Next, using an Exacto knife, I scored the fork to base locations on both forks as in Michael Heart's Figure 4. Then I removed the DEC drive cover and released the DEC drive electrical cable from its lower fork socket. Finally I removed the DEC drive motor and control assembly, checked it carefully for any unusual bearing slop (found none) and placed it in a plastic baggie to keep it clean.

I marked the worm gear for future re-orientation and then removed it. Using an old tooth brush and a little alcohol, I cleaned off all the old "black moly" grease and any dirt particles from the worm gear and placed it in a plastic baggie to keep it clean.

Now the "fun" part (read really scary part here, because if this fails, there is no way to proceed further) begins. This is the action of removing the two allen screws from the inner clutch plate. Check out your Propane torch first and make sure you can get a "hot" 2" flame with a 1" super blue "very hot" inner cone showing. If you can't get a really hot flame, get another torch that can produce a really "hot" sky blue inner cone. Get the proper size allen wrench ready (a long one with at least a 3 1/2 " torque arm available).

Heat and remove the allen screws one at a time. Place the point of the hot blue torch cone right at the head of the socket screw (maybe a 1/8 to 1/4 inch space from the tip of the hot blue torch cone to the screw head). Heat for 20 seconds (Michael Hart says 5-10 seconds). Try to remove the screw. If it feels too tight yet (this is a judgment call - you don't want to strip the socket in the screw head), apply heat for 30 more seconds and try to remove the screw again. Thirty seconds did not work for me -- neither did 40 seconds -- I'm getting very worried now! Try 60 seconds! That worked for me for both screws -- whew! Sit down and pour a sherry! The rest is much easier and less stressful! Now remove the Clutch plate (after it cools a bit so you can touch it).
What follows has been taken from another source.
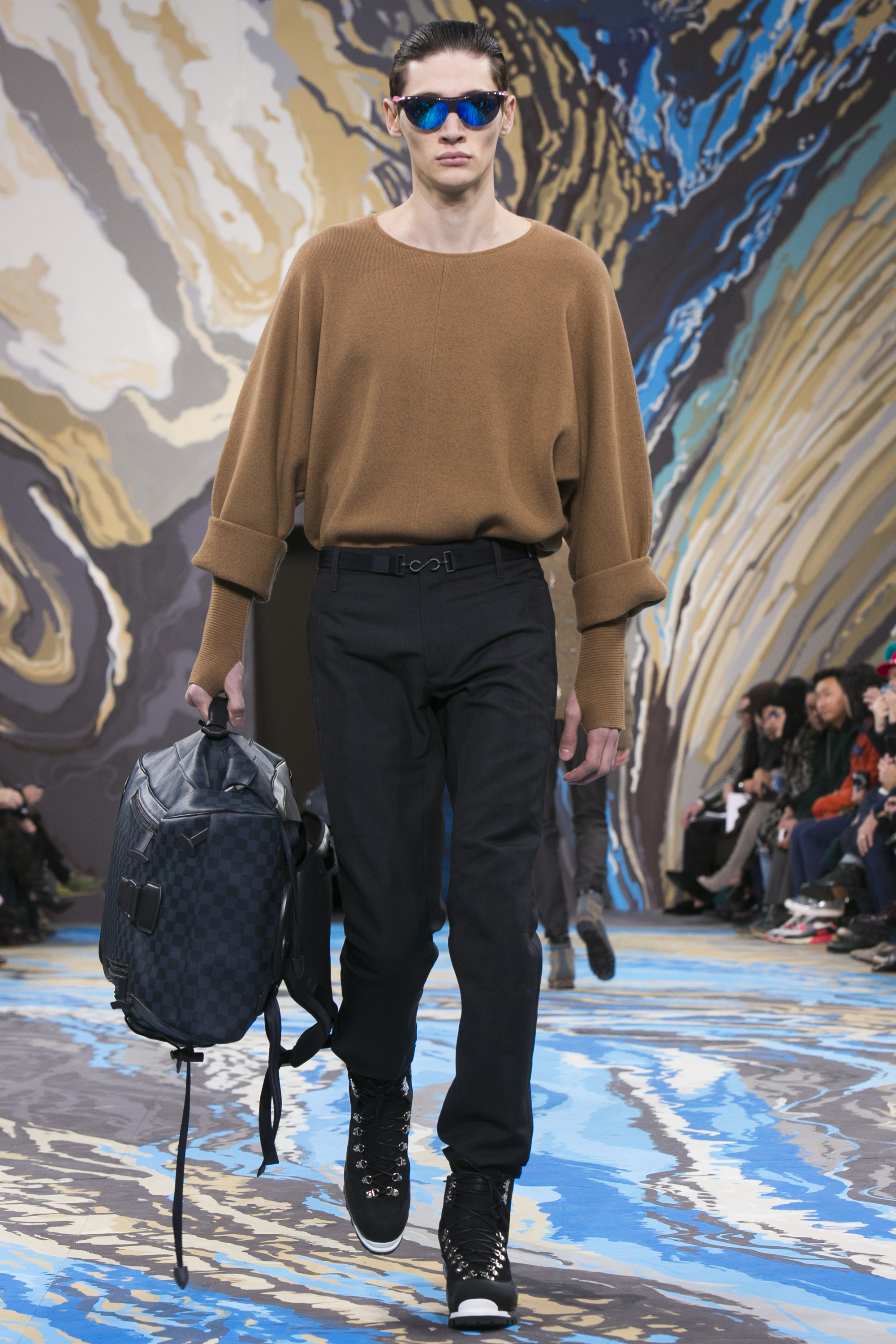 Look 17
Gently lay the scope over on its side so the bulk of the OTA is laying down on the table. Remove the four long allen screws from the left fork and remove the fork carefully from the OTA. Remove its old plastic sleeve bearing and set it aside. Now, very carefully "jiggle" the OTA off the other (Right) fork and base assembly. Remove the plastic bearing from the right fork. Now using Duct tape or masking tape, tape up all the cracks and openings in the LX200 computer base assembly to keep it clean and "chip free" during the "boring out" procedure.

Researching in the phone book, I located a machine shop only a few miles from my location and after a short phone call I was pretty sure that they could do the "boring" out successfully. I took the separate fork and taped up fork assembly to them and within a day the job was finished. They even "pressed" the new bearings in place for me saving me from having to do that. Total charge $60.00.
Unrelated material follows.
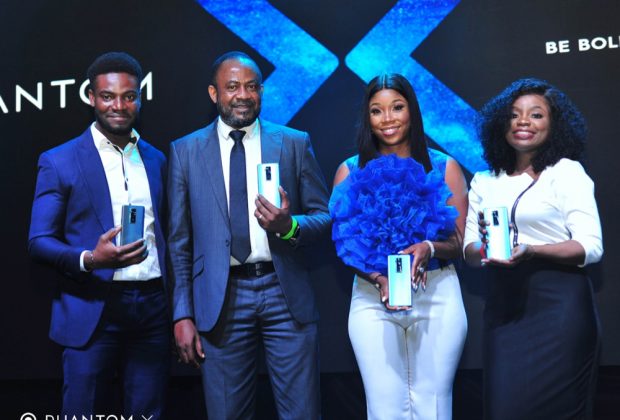 Phantom X smartphone.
I re-assembled the scope following Michael Hart's instructions. This was pretty straight forward and not very difficult. I lubricated the new needle bearings with red Bosch bearing grease. I used a few drops of "locktite" to lock the DEC clutch plate Allen screws again. No "primer" was used.


WoW! Zero DEC bearing friction! I even think that's an under statement! Better hold on to the OTA as now it really "books" if you let it go "unbalanced". A virtually "free floating" OTA. I had no idea it could be like this! Can't wait to power up and test! But, must finish this assembly and alignment first.
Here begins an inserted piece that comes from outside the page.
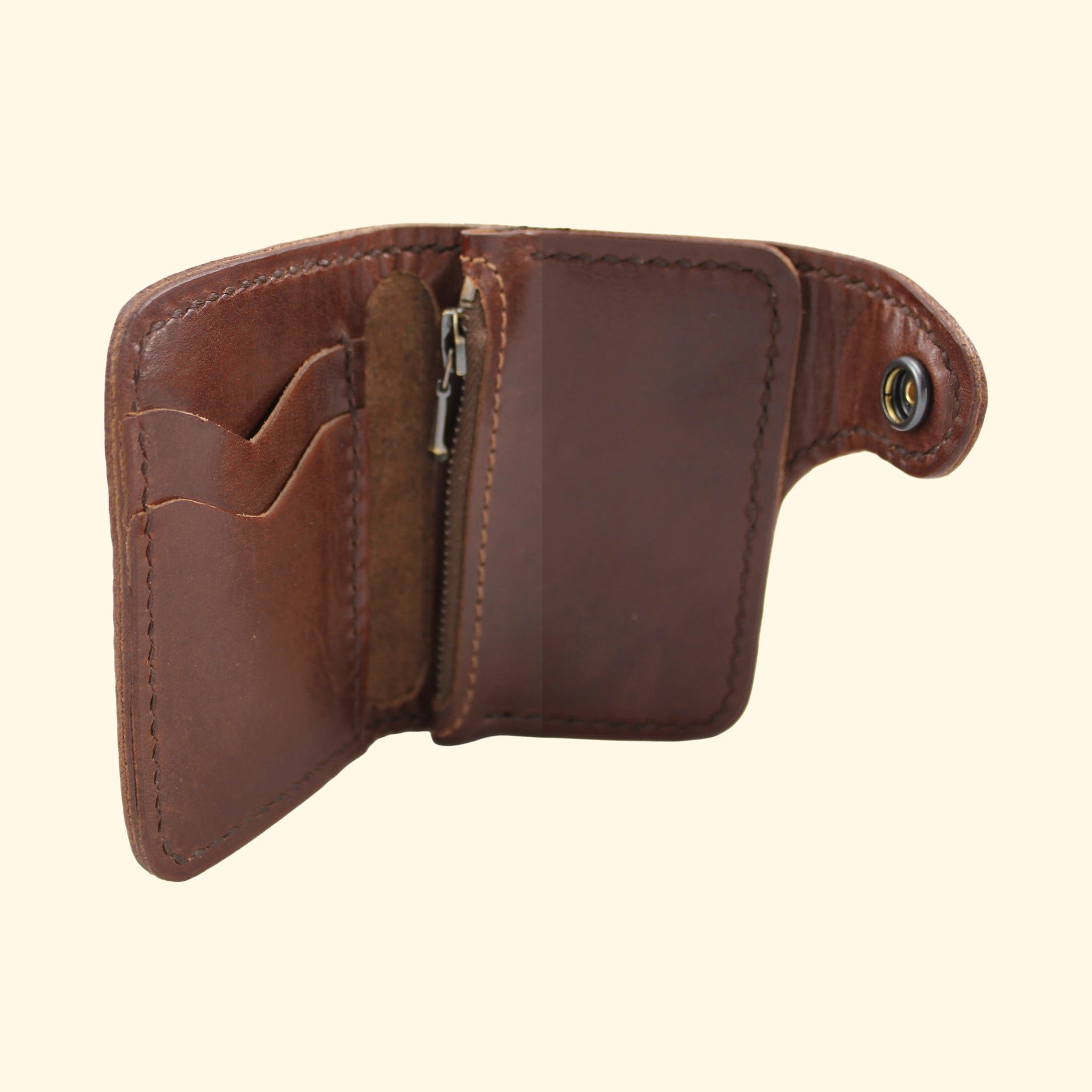 Geöffnetes Oldpassion Snap Wallet aus dunkelbraunem Leder mit dunkelbraunem Faden, Kartenfächern und Münzfach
While performing the OTA alignment, the longest focal length eye piece I had available was 26 mm, so the resulting light cone spot at the RA bearing retaining screw (see MH's procedure) was about as big as a nickel. So I had to "eyeball" the centering of this spot around the screw head (not too precise, but OK). At an auto parts supply store, I found the "black moly" grease for the DEC worm gear. Re-installing the DEC drive motor assembly was un-eventful. I used a few drops of locktite on the DEC setting circle spacer to lock the setting circle in place.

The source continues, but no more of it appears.